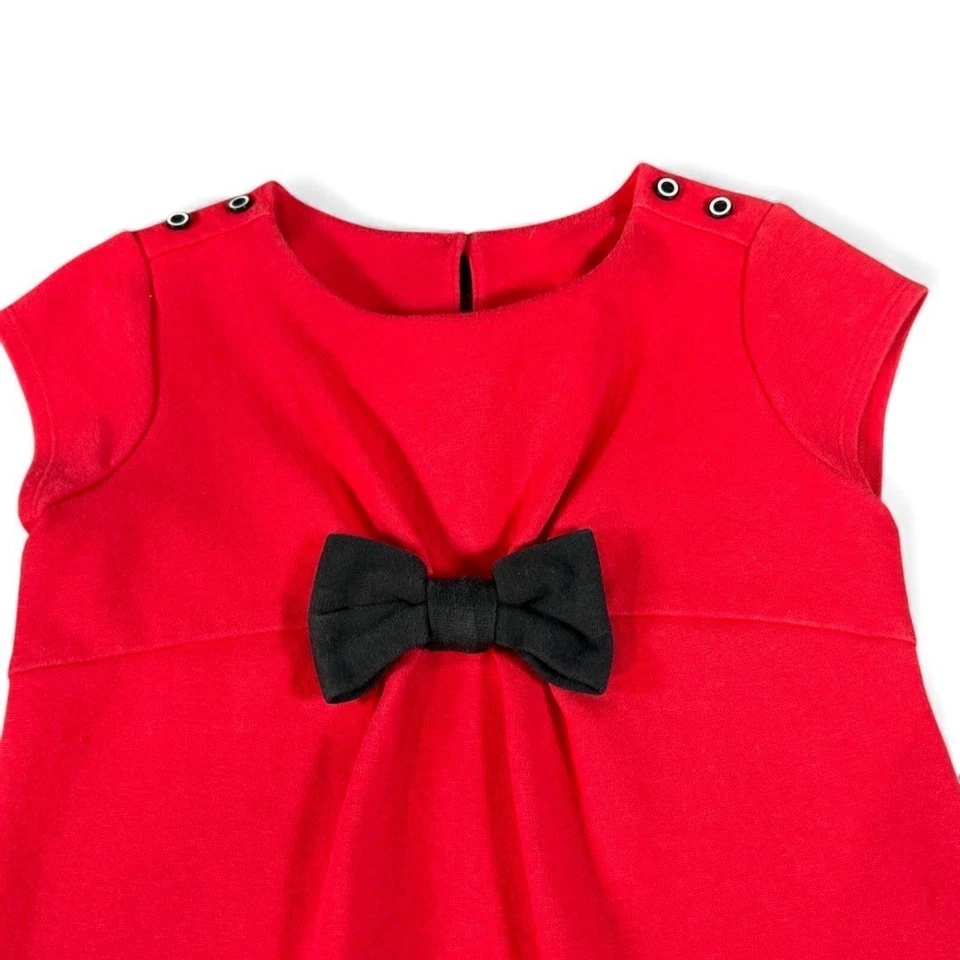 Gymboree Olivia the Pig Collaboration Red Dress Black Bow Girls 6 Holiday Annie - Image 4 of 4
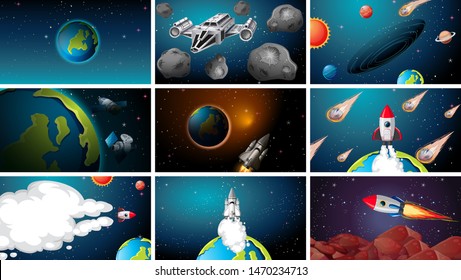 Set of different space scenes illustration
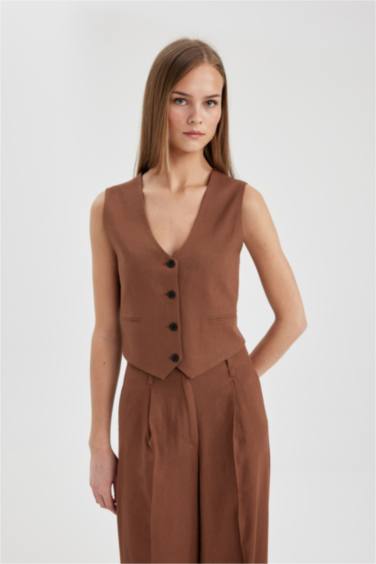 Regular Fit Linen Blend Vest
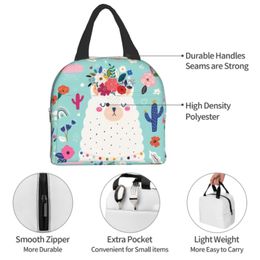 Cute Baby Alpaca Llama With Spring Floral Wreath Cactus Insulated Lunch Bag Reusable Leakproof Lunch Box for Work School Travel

--- --- ---

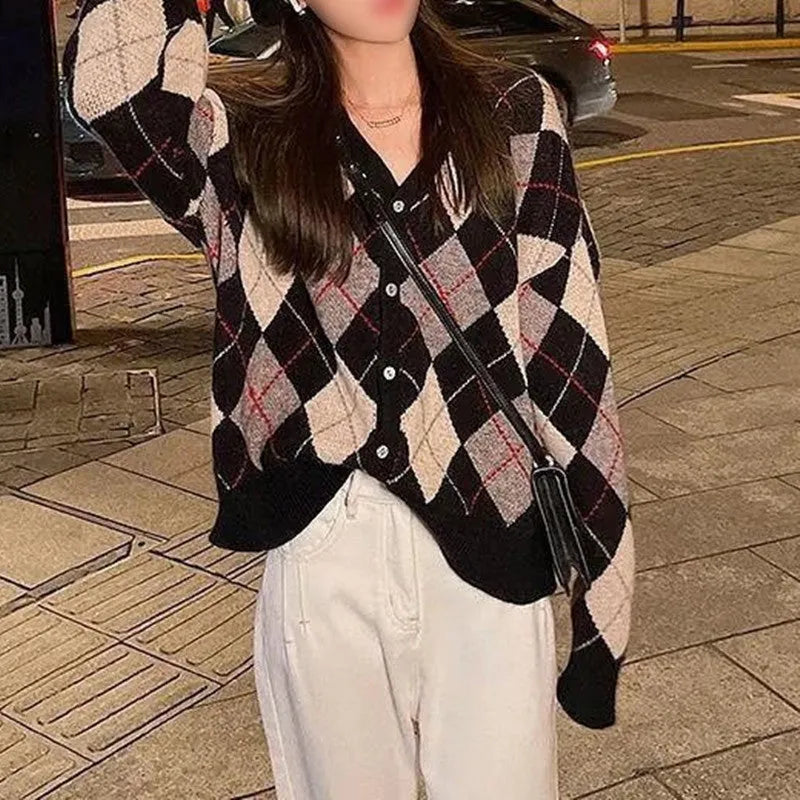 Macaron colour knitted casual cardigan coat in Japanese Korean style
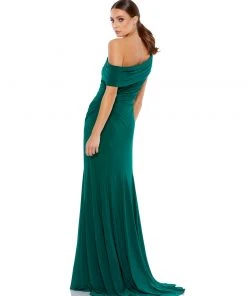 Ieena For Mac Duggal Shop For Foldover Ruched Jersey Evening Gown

--- --- ---

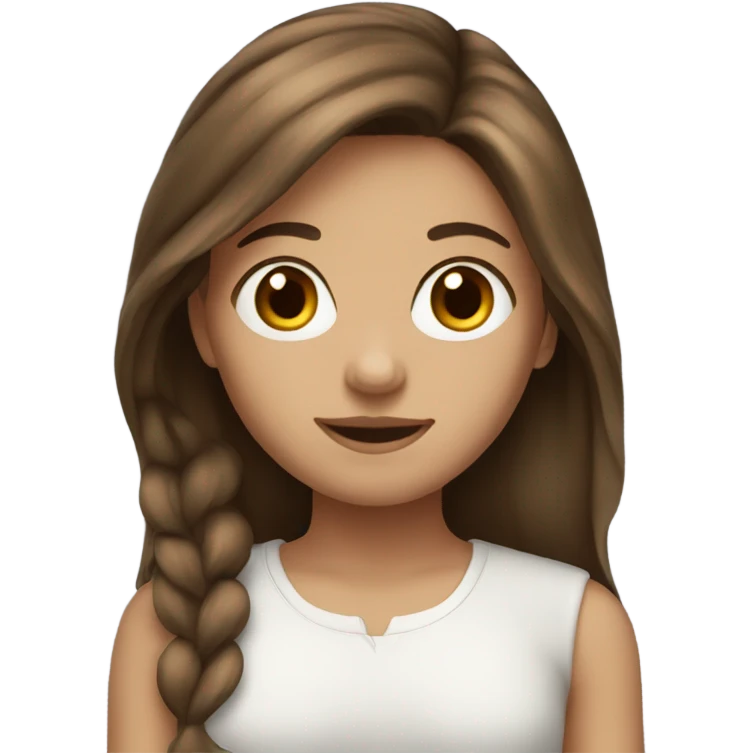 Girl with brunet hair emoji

--- --- ---

YOUR TASK: Using the entries above, extract exactly the lines from the one that contains "Macaron colour knitted" through the one that contains "Ieena For Mac". Do not carry over any pictures.

ANSWER TO THIS TASK:
 Macaron colour knitted casual cardigan coat in Japanese Korean style
 Ieena For Mac Duggal Shop For Foldover Ruched Jersey Evening Gown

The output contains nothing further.